O trabalho, elemento decisivo de questões sociais e muito mais

No dia 15 de maio, passaram 130 anos de publicação da encíclica Rerum Novarum sobre Doutrina Social da Igreja. Domènec Melé, Professor Emérito do Departamento de Ética Empresarial e titular da Cátedra de Ética Empresarial do IESE, desenvolve no artigo alguns aspetos relacionados com o trabalho.

Foto: Álvaro García Fuentes

No dia 15 de maio, fez 130 anos a publicação da memorável encíclica Rerum Novarum (1891), com a qual o Papa Leão XIII respondia à chamada “questão social” desencadeada pela Primeira Revolução Industrial e uma ideologia dominante radicalmente liberal. Leão XIII defendia condições de trabalho mais dignas e exigia um conjunto de direitos laborais que, anos mais tarde, seriam amplamente reconhecidos.

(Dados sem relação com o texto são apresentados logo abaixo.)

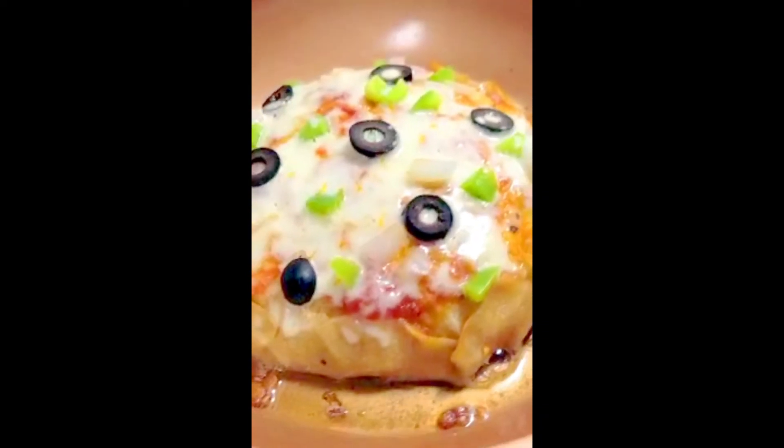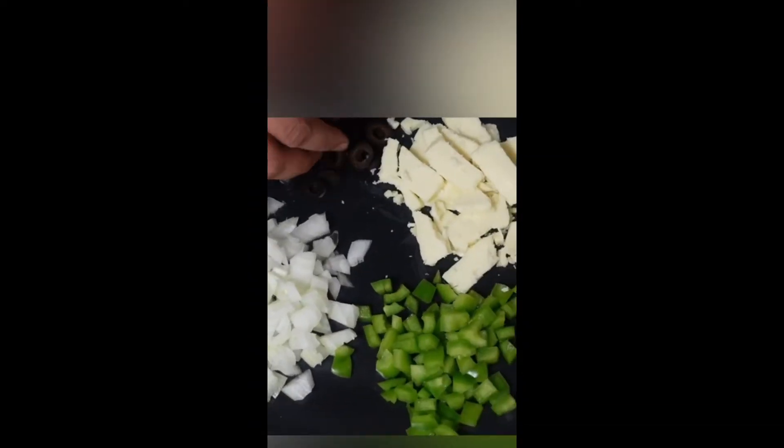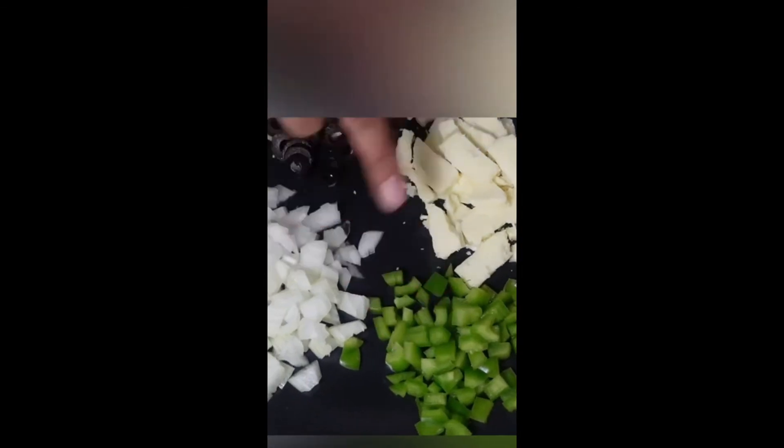Hi, today we are going to make sapati pizza. We are going to make toppings like olive, shimla, kanda and cheese.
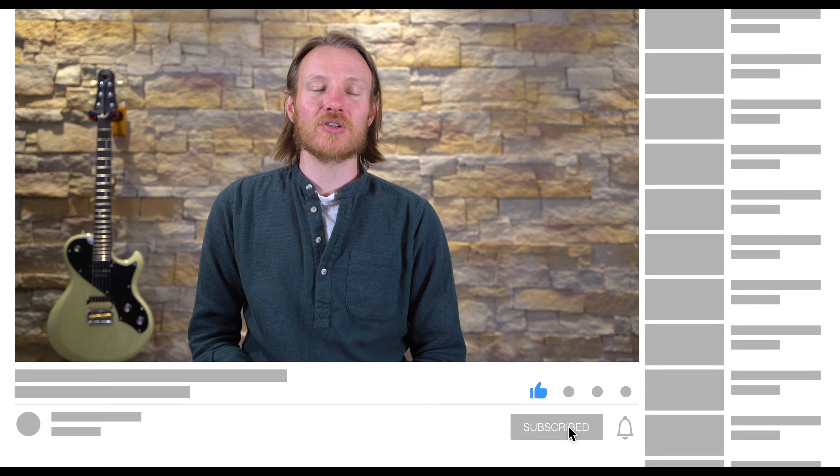I hope you've enjoyed this video from Electric Guitar Review. Please subscribe and hit the bell icon to be kept up to date when we post new videos. Jason and I look forward to seeing you next time.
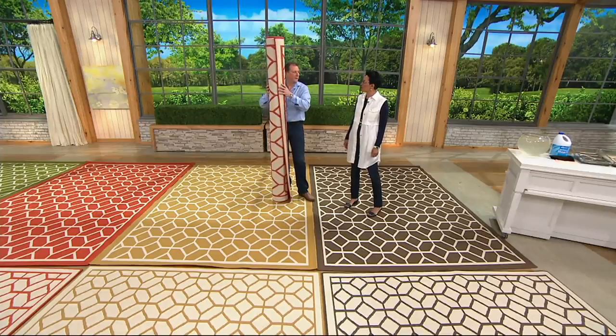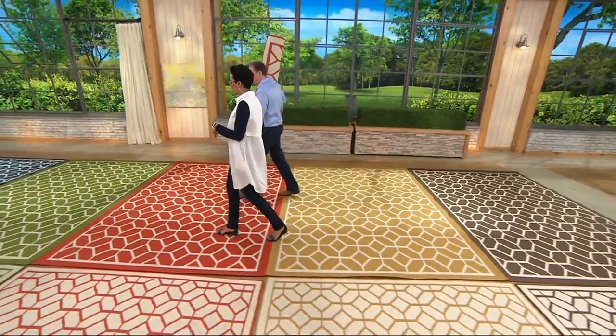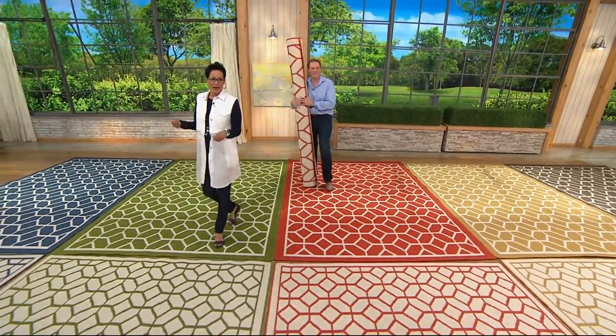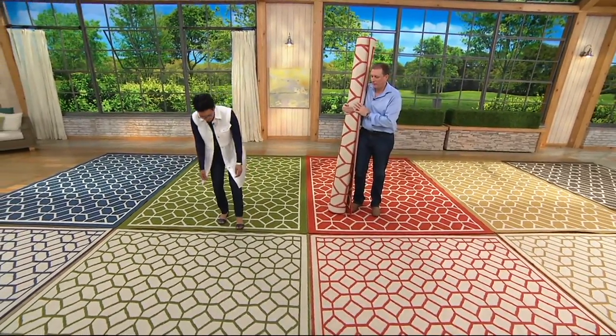I need to interrupt you for one second — we lost a color. And by the way, the green and the gold sold out last year. That is correct — in the smallest size. So now we're back to the green again. In the 5x7, the green's going — oh, it's gone. That one's gone.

Leão XIII defendia condições de trabalho mais dignas e exigia um conjunto de direitos laborais que, anos mais tarde, seriam amplamente reconhecidos.

Esta encíclica de Leão XIII é considerada por muitos como o início da “moderna” doutrina social da Igreja (“moderna”, entre aspas, porque os ensinamentos sociais da Igreja remontam às origens do cristianismo [1]). A Rerum Novarum teve um amplo e longo eco e foi referência obrigatória para encíclicas sociais posteriores. Assim, Pio XI, em 1931, escreveu a encíclica Quadragesimo anno, fazendo referência precisamente ao 40º aniversário da Rerum Novarum e S. João Paulo II a Centesimus Annus em 1991, no seu centenário. Outras encíclicas coincidiram também com decénios da encíclica de Leão XIII. Como a Mater et magistra (1961) de S. João XXIII e a Laborem exercens (1981) de S. João Paulo II. Em 1941, Pio XII, dedicou uma grande radiomensagem a questões sociais –frequentes no seu pontificado– no 50º aniversário da Rerum Novarum.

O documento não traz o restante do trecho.